[Opening Extracted entries section]
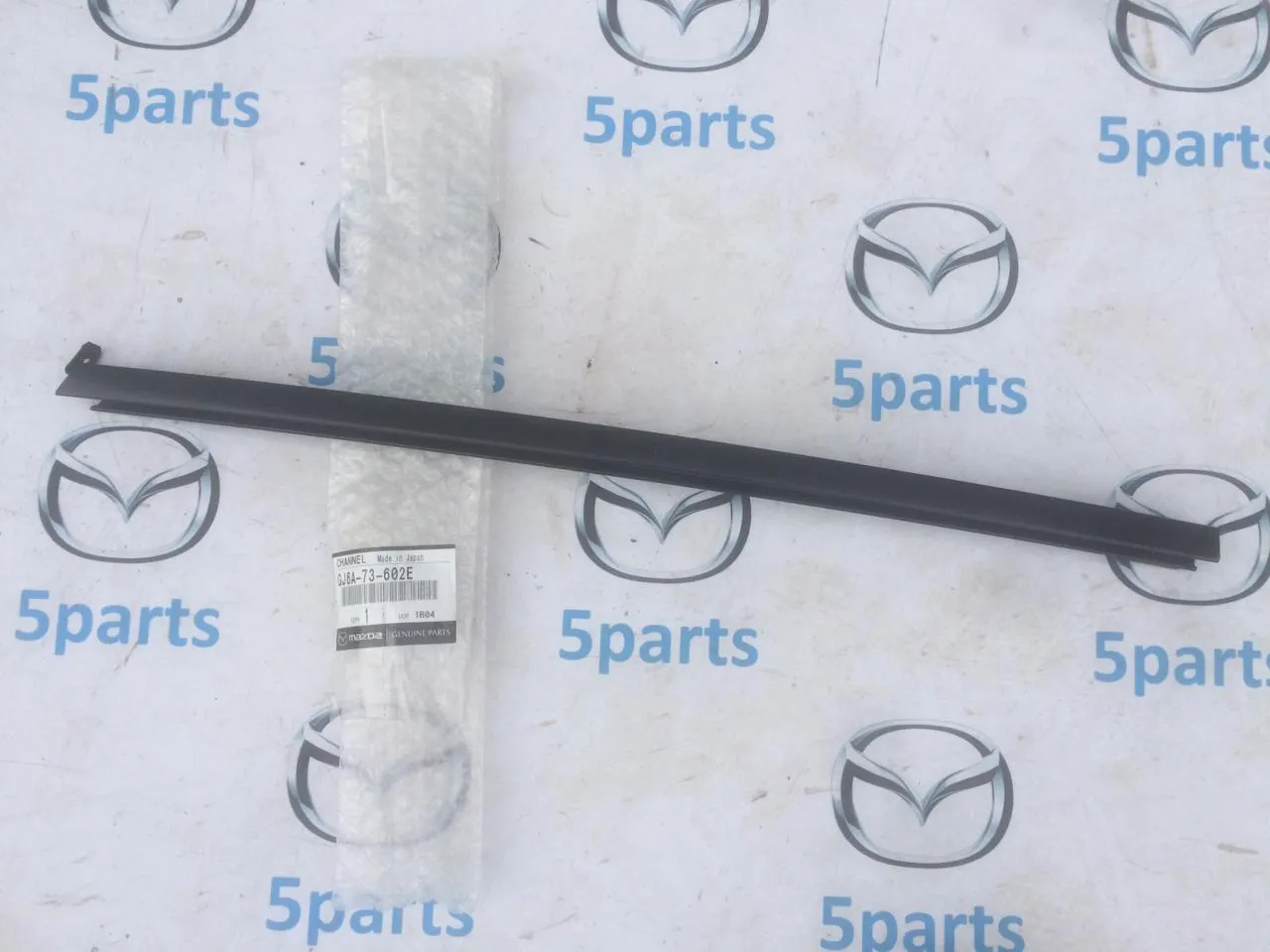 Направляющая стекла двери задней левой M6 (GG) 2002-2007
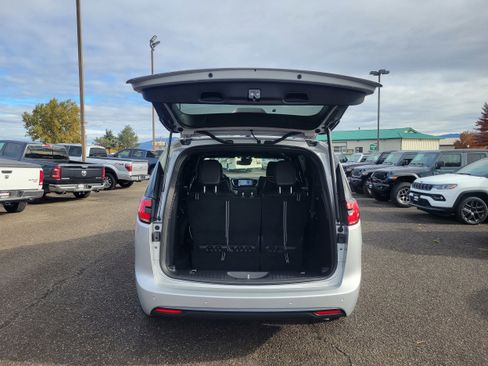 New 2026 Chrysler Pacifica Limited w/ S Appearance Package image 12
[Closing Extracted entries section]
[Opening Extracted entries section]
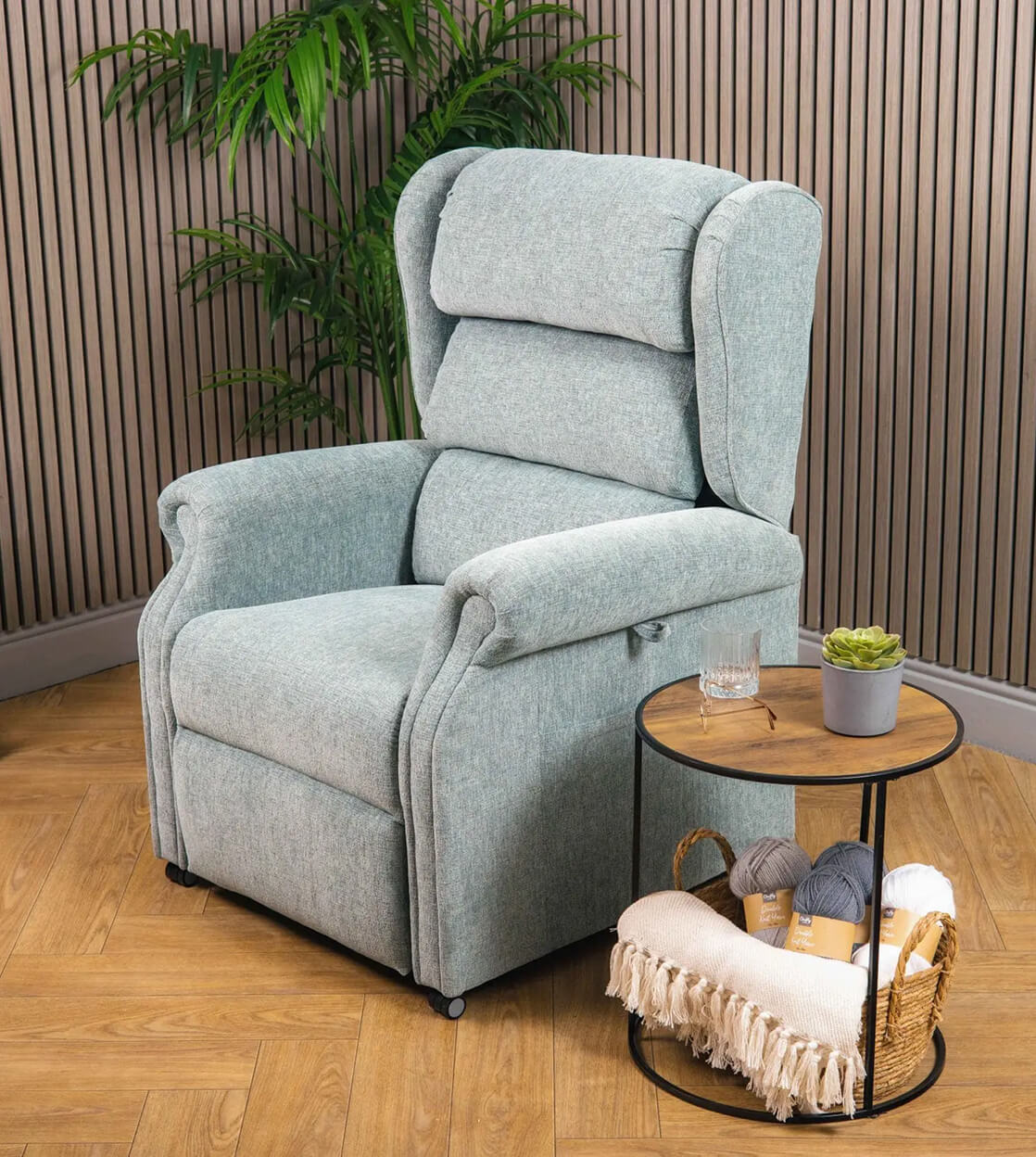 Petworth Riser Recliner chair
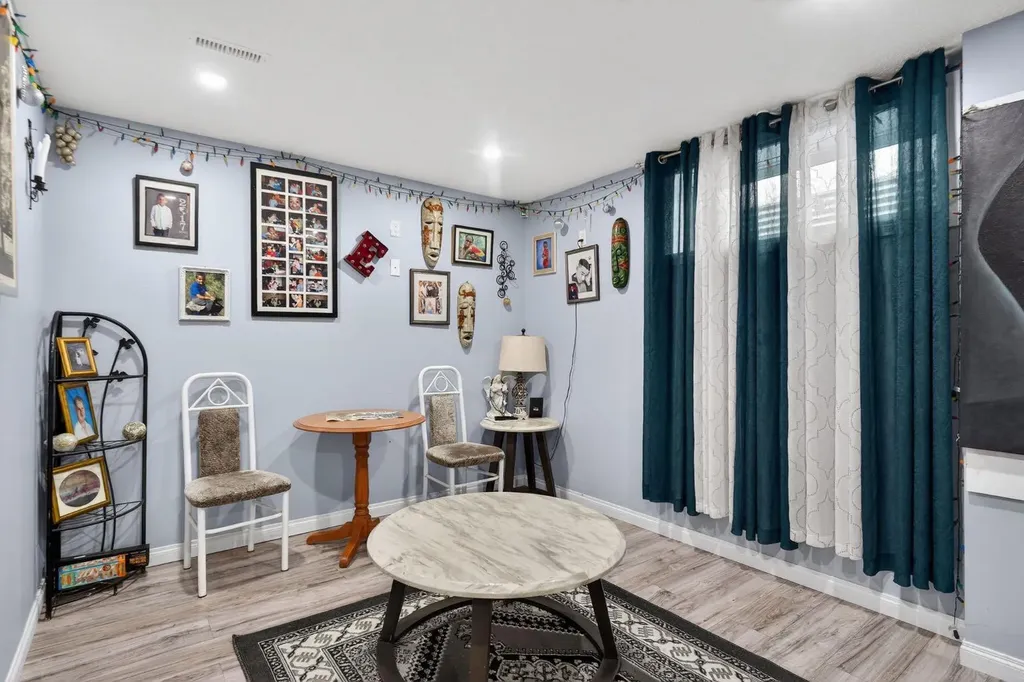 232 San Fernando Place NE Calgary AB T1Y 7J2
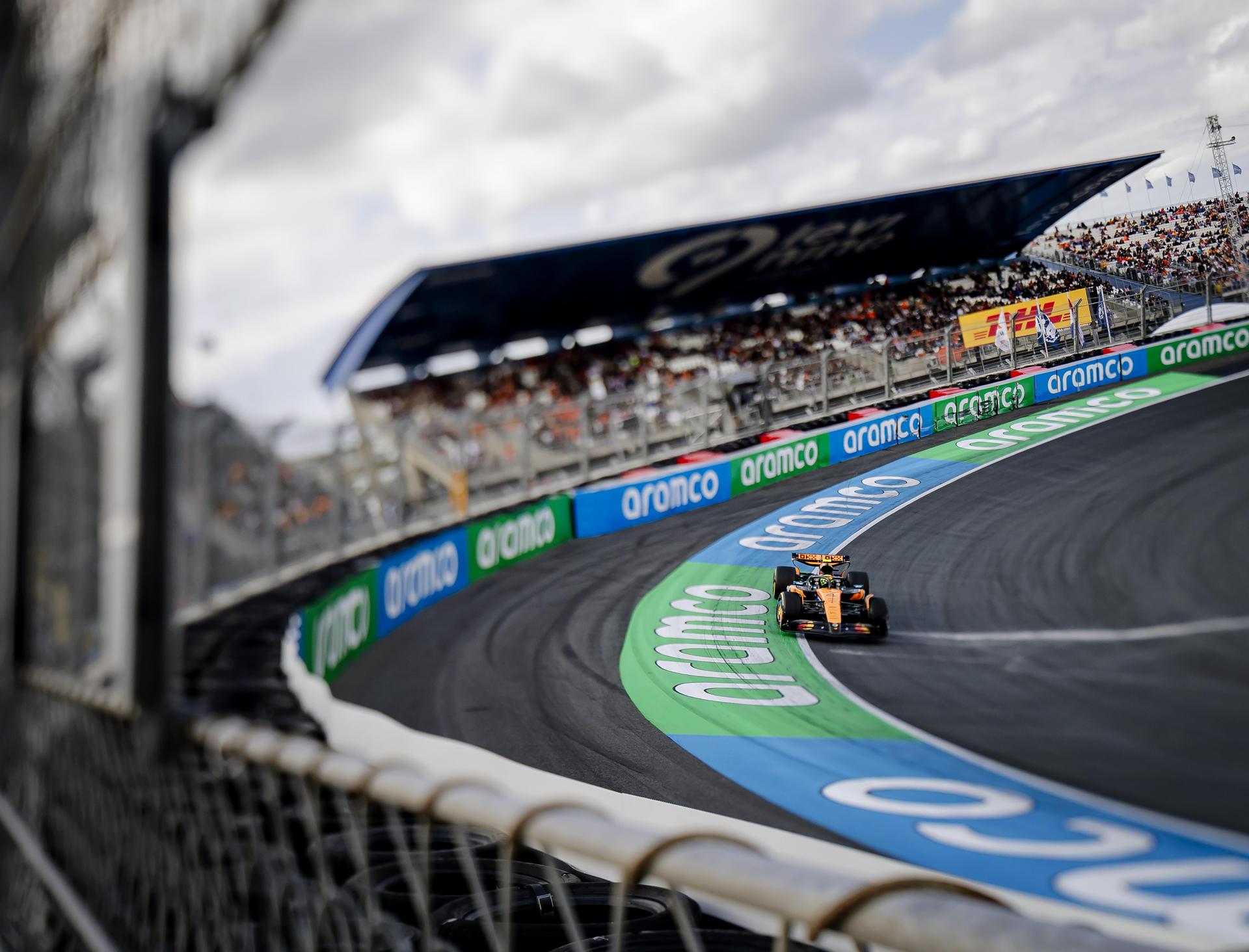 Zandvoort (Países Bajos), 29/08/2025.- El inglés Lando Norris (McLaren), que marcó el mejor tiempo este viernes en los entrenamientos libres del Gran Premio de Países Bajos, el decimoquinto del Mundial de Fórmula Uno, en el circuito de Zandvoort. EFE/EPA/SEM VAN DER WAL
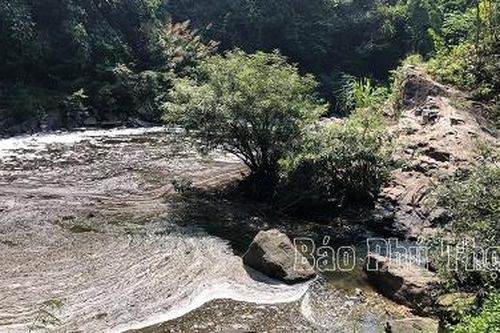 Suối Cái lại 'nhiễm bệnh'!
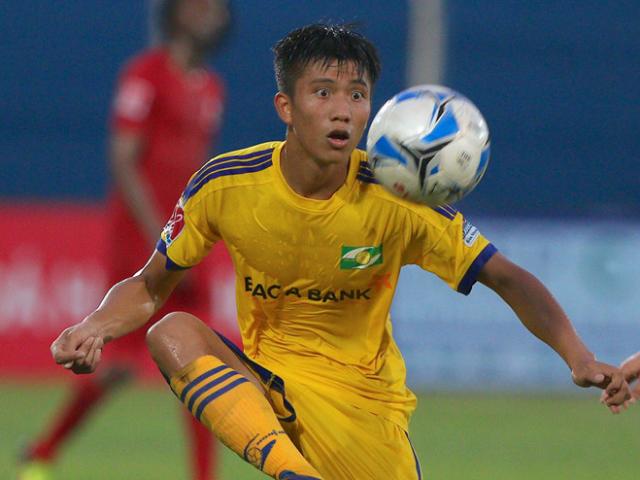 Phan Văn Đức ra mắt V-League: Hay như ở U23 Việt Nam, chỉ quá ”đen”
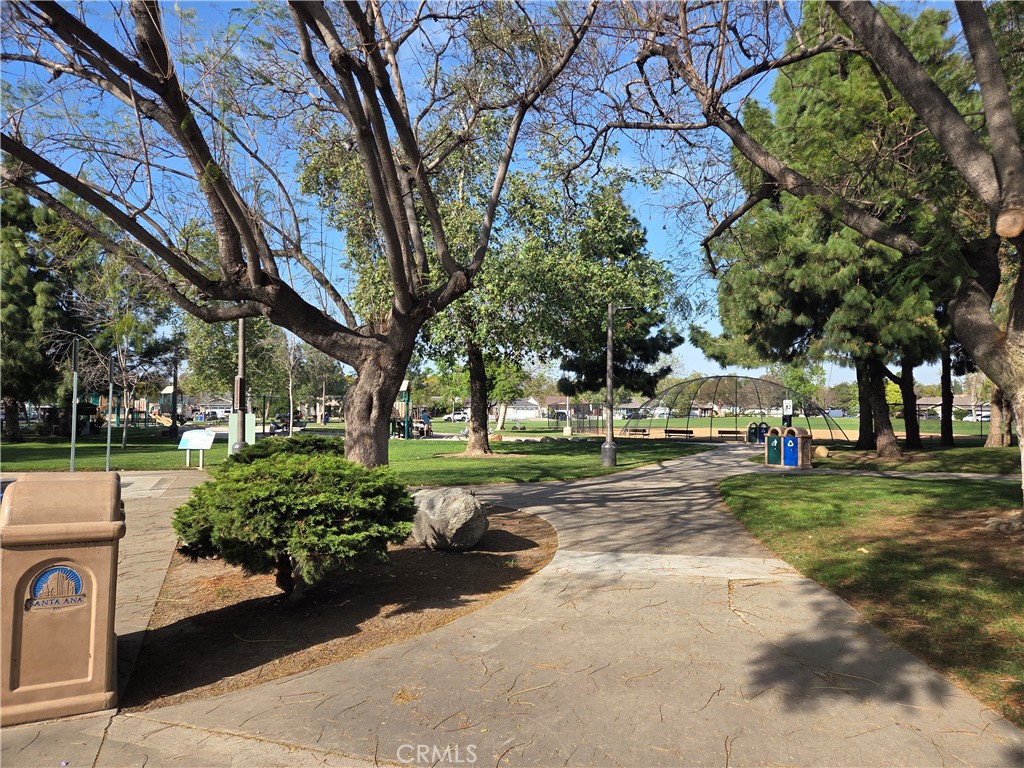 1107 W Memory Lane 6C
[Closing Extracted entries section]
[Opening Extracted entries section]
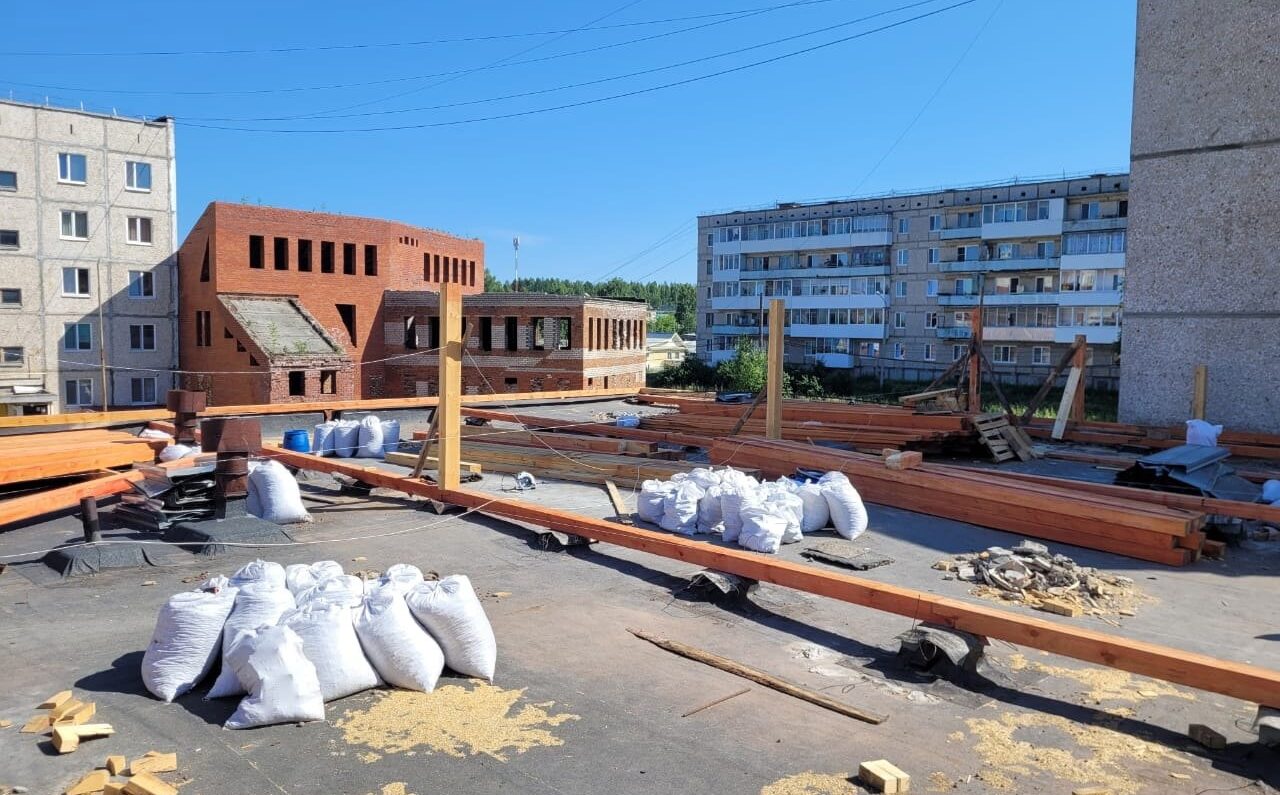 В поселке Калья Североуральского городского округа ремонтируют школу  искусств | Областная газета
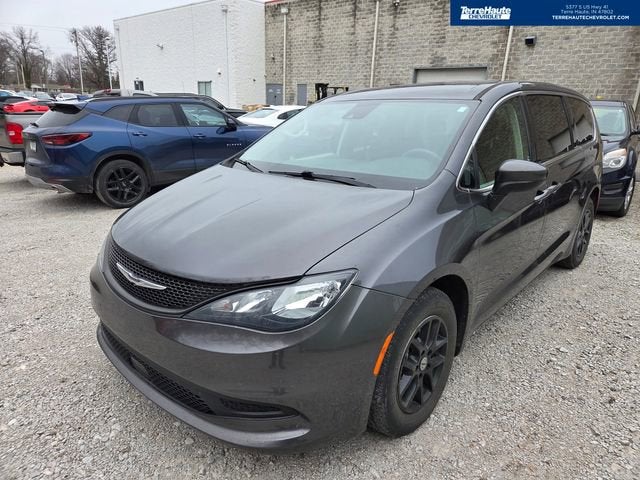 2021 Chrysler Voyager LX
[Closing Extracted entries section]
### [Task description]
Using the entries above, repeat exactly the lines from the one with "Zandvoort (Países Bajos), 29/08/2025.- El" to the one with "1107 W Memory Lane 6C", both included, and leave the pictures behind.

### [Result for this exercise]
 Zandvoort (Países Bajos), 29/08/2025.- El inglés Lando Norris (McLaren), que marcó el mejor tiempo este viernes en los entrenamientos libres del Gran Premio de Países Bajos, el decimoquinto del Mundial de Fórmula Uno, en el circuito de Zandvoort. EFE/EPA/SEM VAN DER WAL
 Suối Cái lại 'nhiễm bệnh'!
 Phan Văn Đức ra mắt V-League: Hay như ở U23 Việt Nam, chỉ quá ”đen”
 1107 W Memory Lane 6C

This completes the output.